Увлекаясь рассказом о своих отношениях к императрице, графиня Головина не упоминает в своих «Записках», что, в начале царствования Павла, она лишилась своего семейного кружка, в котором привыкла жить с детства. Брат ее, кн. Федор Николаевич Голицын, тотчас по вступлении на престол императора Павла, назначен был по просьбе дяди, И. И. Шувалова, куратором Московского университета и стал жить в Москве, а в ноябре 1797-го года умер и сам И. И. Шувалов. Мало того, именно в это время она должна была узнать, что муж ее имел побочного сына[10], а это обстоятельство должно было произвести на любящую и строго-нравственную жену, доверявшую мужу, тяжелое впечатление: хотя в «Записках» она нигде ни одним словом не упоминает о постигших ее семейных несчастьях, но с этого времени почти вовсе не упоминает о муже, говоря о своих занятиях и времяпрепровождении. Все эти невзгоды страшно повлияли на графиню Головину, которая в привязанности к дорогим ей людям искала себе счастия, а между тем потерпела в этом отношении жестокое разочарование. Остававшаяся еще в живых мать Головиной, княгиня П. И. Голицына, была уже в преклонном возрасте и постоянно хворала, а две дочери были еще детьми. Где же нашла для себя Головина утешение и поддержку?

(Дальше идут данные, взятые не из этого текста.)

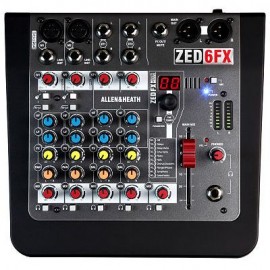 Mezcladora Análoga ZED-6FX Allen  Heath - Envío Gratuito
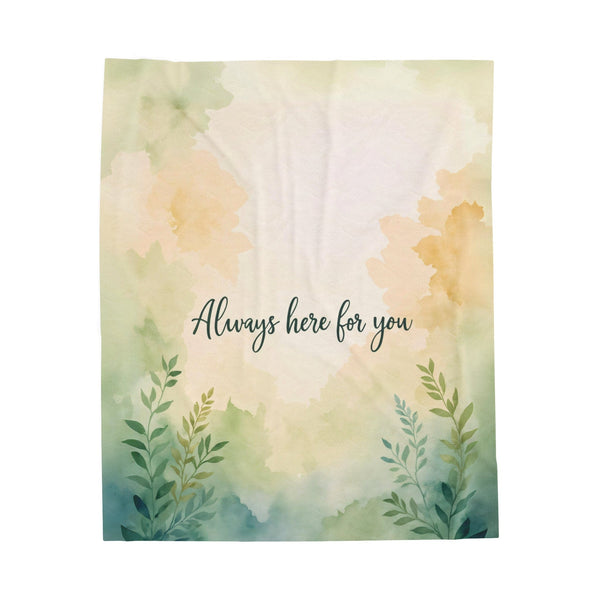 Always Here For You Sensory Blanket 50" × 60"
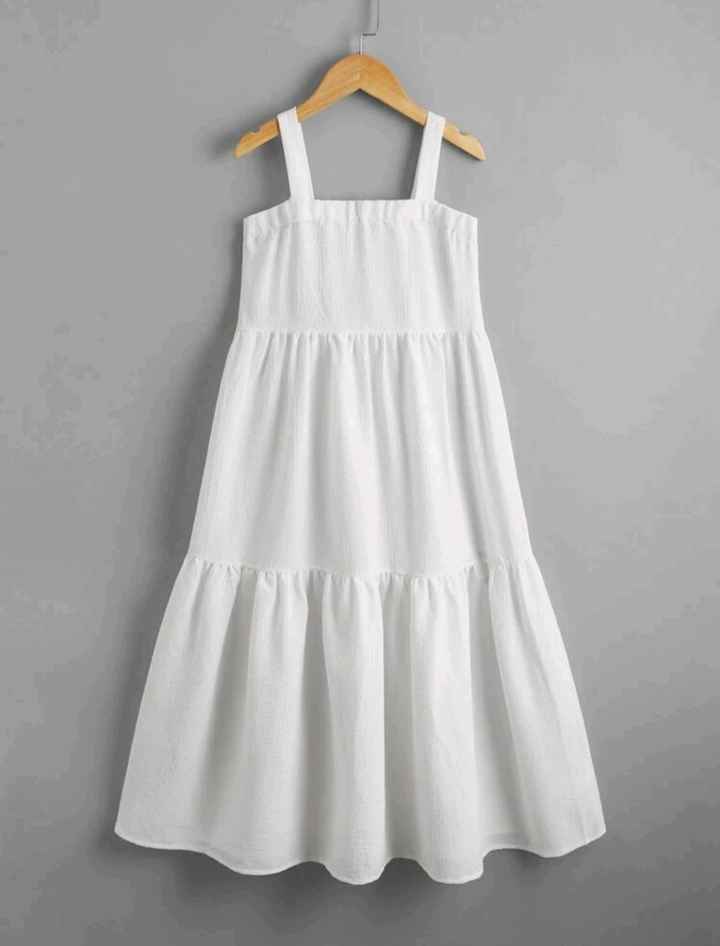 Vestido de daminha na praia. - 3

Тимковский, живший в доме И. И. Шувалова, незадолго до его смерти, рассказывает, что дом его наполнен был французскими эмигрантами[11]. В числе их были и иезуиты, по-иезуитски скрытые, еще не обнаруживавшие своих целей и принадлежности к обществу Иисуса. Княгиня Голицына и графиня Головина постоянно находились при И. И. Шувалове, принимая всех лиц, посещавших его. «Молодая, круглая дама», как называет Головину Тимковский, была главным центром собиравшегося общества; из числа собеседников выделялся всегда иезуит кавалер д’Огард, под личиной веселого светского болтуна умевший выведывать почву и заручиться расположением влиятельных лиц[12], и покровитель его, граф Шуазель-Гуфье, только что назначенный директором публичной библиотеки и, вместе с д’Огардом, способствовавший ее расхищению. И. И. Шувалов, окруженный «чумою», как называл эмигрантов Ростопчин, не питал к ним однако особого доверия, но терпел их, по мягкости и нерешительности своего характера; старческий, немощный гнев его проявлялся иногда лишь в тех случаях, когда французы позволяли себе затронуть какую либо слабую струну его, и в этих случаях княгиня Голицына и графиня Головина являлись защитницами нескромного гостя: однажды Шувалов, по ничтожному поводу, выгнал из дому известного Пикара, корреспондента князя А. В. Куракина, и простил его лишь по просьбе сестры и племянницы.
12
«L’honneur de l’introdnction du catholicisme parmi les Russes, — говорит одна из его жертв, г-жа Свечина, — est dû au chevalier d’Augard». Falloux: «Madame Swetchine» etc., I, 30.